Optical coherence tomography (OCT) is an optical analog of intravascular ultrasound (IVUS) that can be used to examine the coronary arteries and has 10-fold higher resolution than IVUS. Based on polarization properties, OCT can differentiate tissue characteristics (fibrous, calcified, or lipid-rich plaque) and identify thin-cap fibroatheroma. Because of the strong attenuation of light by blood, OCT systems required the removal of blood during OCT examinations. A recently developed frequency-domain OCT system has a faster frame rate and pullback speed, making the OCT procedure more user-friendly and not requiring proximal balloon occlusion. During percutaneous coronary intervention (PCI), OCT can provide detailed information (dissection, tissue prolapse, thrombi, and incomplete stent apposition [ISA]). At follow-up examinations after stent implantation, stent strut coverage and ISA can be assessed. Several OCT studies have demonstrated delayed neointimal coverage following drug-eluting stent (DES) implantation vs. bare metal stent (BMS) placement. While newer DESs promote more favorable vascular healing, the clinical implications remain unknown. Recent OCT studies have provided insights into restenotic tissue characteristics; DES restenotic morphologies differ from those with BMSs. OCT is a novel, promising imaging modality; with more in-depth assessments of its use, it may impact clinical outcomes in patients with symptomatic coronary artery disease.
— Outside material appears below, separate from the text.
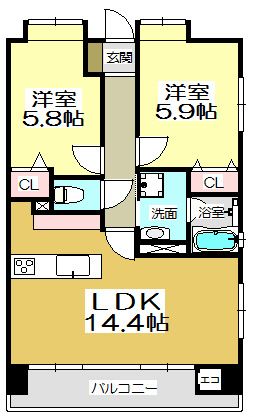 ニューガイア四季彩の丘Ａ棟の間取り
Keywords: Angioplasty; Coronary disease; Stents; Tomography, optical coherence; Ultrasonography, interventional.

Figure 1

(A) Time-domain optical coherence tomography system. (B) Fourier/frequency-domain optical coherence tomography system.

Figure 2

Optical coherence tomography-derived thin-cap fibroatheroma was defined as a lipid-rich plaque (lipid arc within a plaque in ≥ 2 quadrants) with a thin fibrous cap (thickness at the thinnest segment < 65 µm).

Figure 3

Optical coherence tomography image of ruptured plaque (arrows) with a thin fibrous cap at the site of an acute coronary syndrome culprit lesion.

Figure 4

A case with spontaneous dissection. Optical coherence tomography (C) visualized spontaneous dissection that could not be found with angiography (A) or intravascular ultrasound (B).

Figure 5

A case with cutting balloon angioplasty. Cutting balloon angioplasty was performed for stenosis in the right posterior descending artery (A, arrow). Multiple tears in the intima were observed after dilatation with a cutting balloon on the optical coherence tomographic image (D), which could not be detected by angiography (B, arrow) or intravascular ultrasound (C).

Figure 6

Identification of stent apposition. The stent is visualized as a linear structure with strong surface reflection and typical dorsal shadowing, and the posterior side of each strut near the vessel wall cannot be observed. Thus, it is necessary to determine whether the strut has made an indentation on the intimal surface of the vessel (A) or to measure the distance between the surface reflection of the strut and the adjacent visible vessel surface while taking the thickness of the strut into account (B).

Figure 7

Intravascular ultrasonic (IVUS) and optical coherence tomographic (OCT) images obtained at 7 months after implantation of a drug-eluting stent (Cypher; 3.0 × 18 mm). While no obvious intimal growth is observed on the IVUS image (A), the OCT image (B) shows that the stent strut is covered by a very thin neointima (-100 µm).

Figure 8

Classification of tissue coverage of stent struts. The left images (A, B) show uncovered struts and the right images (C, D) show covered struts. A strut with surrounding tissue beyond the strut surface is defined as covered. According to the shape of the tissue covering the struts, a covered strut is classified as convex (C) or embedded (D). The intimal thickness (NIT) was measured from the surface of the neointima covering the strut to the center line of the reflection.

Figure 9

Optical coherence tomographic patterns of restenotic tissue following bare metal stent implantation. Homogeneous (A) and heterogeneous (B, C) intima. Lipid accumulation is suggested in the low-signal area with a diffuse lumen border within the area of neointimal hyperplasia (* in B), and calcification in the low-signal area with a sharp lumen border (* in C).

Figure 10

Optical coherence tomographic patterns of restenotic tissue following drug-eluting stent implantation. Patchy (A), layered (B), and speckled (C) patterns.